- [Records for the exercise]:
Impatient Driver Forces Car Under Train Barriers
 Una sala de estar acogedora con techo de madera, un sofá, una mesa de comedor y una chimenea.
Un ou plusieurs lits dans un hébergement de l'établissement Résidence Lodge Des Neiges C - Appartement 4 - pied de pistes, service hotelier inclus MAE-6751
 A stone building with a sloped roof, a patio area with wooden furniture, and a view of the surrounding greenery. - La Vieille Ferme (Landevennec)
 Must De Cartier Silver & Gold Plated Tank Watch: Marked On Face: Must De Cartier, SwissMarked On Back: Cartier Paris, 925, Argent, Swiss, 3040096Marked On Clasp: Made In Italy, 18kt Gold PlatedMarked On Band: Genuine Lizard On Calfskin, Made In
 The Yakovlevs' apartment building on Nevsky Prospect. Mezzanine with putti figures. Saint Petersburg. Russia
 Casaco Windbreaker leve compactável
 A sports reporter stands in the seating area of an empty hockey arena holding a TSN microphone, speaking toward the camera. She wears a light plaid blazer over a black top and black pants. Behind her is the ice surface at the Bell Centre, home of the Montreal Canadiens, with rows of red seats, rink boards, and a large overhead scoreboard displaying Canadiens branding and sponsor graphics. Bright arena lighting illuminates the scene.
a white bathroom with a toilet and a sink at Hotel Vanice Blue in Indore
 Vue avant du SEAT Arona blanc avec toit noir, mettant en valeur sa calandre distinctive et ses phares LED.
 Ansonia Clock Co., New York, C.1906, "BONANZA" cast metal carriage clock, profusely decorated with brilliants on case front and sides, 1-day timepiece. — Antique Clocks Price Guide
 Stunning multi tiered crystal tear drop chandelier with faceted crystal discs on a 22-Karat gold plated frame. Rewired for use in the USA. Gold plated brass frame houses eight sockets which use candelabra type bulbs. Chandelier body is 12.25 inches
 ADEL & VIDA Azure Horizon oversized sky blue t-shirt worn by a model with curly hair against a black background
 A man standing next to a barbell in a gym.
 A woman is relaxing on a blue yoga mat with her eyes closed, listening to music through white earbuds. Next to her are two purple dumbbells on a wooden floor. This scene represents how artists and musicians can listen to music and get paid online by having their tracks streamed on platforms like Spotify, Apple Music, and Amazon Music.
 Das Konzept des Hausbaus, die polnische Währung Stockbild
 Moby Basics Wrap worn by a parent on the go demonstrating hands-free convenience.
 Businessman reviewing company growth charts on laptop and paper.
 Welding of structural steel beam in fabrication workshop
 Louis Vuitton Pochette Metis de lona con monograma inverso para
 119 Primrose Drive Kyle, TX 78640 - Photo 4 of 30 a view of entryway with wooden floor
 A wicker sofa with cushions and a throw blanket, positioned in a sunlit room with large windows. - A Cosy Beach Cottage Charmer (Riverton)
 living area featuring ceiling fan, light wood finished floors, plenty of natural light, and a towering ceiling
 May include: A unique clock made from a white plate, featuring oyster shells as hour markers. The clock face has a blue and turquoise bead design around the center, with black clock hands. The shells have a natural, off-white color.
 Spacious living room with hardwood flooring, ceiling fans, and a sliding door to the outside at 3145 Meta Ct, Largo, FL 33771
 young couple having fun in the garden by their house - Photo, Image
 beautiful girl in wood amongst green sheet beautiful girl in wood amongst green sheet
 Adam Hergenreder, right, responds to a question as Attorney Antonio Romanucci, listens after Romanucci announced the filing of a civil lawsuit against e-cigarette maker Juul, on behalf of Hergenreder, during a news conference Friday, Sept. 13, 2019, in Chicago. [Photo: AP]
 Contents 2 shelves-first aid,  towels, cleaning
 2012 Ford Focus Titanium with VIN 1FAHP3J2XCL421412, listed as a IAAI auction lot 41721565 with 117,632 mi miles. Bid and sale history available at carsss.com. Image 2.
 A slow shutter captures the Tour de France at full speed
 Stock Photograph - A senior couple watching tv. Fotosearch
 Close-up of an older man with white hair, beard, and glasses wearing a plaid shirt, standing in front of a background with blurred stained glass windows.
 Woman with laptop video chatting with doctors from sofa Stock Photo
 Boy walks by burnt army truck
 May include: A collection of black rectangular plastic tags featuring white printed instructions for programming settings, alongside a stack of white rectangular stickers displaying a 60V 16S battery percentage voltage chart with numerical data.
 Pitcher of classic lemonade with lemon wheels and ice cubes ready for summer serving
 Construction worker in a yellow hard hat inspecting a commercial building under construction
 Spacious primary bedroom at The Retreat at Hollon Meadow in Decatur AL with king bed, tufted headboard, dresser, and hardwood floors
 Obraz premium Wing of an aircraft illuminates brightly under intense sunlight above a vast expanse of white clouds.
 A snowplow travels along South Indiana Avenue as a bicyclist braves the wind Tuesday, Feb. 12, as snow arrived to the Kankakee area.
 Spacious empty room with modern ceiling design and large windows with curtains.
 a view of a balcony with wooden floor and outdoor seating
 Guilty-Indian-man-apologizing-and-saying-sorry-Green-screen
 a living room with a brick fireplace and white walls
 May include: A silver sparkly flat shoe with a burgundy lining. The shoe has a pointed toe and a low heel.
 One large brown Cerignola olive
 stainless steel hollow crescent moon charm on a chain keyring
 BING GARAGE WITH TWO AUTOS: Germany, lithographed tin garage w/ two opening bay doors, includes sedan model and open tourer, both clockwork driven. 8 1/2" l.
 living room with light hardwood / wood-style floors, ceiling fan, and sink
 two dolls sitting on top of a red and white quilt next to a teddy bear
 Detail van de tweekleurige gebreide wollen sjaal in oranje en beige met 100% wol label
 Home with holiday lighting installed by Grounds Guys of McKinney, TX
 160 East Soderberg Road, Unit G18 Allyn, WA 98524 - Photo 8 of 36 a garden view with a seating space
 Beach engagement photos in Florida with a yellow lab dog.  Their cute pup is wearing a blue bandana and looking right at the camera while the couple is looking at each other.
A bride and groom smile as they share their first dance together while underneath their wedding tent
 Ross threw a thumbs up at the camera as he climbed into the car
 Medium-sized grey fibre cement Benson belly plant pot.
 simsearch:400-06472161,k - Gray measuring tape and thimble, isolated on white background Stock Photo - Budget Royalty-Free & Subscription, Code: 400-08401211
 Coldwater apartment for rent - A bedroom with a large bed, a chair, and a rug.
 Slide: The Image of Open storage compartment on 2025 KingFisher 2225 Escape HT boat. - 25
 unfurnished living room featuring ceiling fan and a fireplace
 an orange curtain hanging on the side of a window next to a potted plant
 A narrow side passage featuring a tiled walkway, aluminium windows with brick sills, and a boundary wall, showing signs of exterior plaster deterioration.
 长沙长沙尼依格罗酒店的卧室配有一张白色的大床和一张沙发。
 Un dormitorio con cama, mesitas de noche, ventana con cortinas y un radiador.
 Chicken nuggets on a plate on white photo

- [Activity]:
Go line by line through the data, copying each one that contains the word "windows".

- [Answer below]:
 A wicker sofa with cushions and a throw blanket, positioned in a sunlit room with large windows. - A Cosy Beach Cottage Charmer (Riverton)
 Close-up of an older man with white hair, beard, and glasses wearing a plaid shirt, standing in front of a background with blurred stained glass windows.
 Spacious empty room with modern ceiling design and large windows with curtains.
 A narrow side passage featuring a tiled walkway, aluminium windows with brick sills, and a boundary wall, showing signs of exterior plaster deterioration.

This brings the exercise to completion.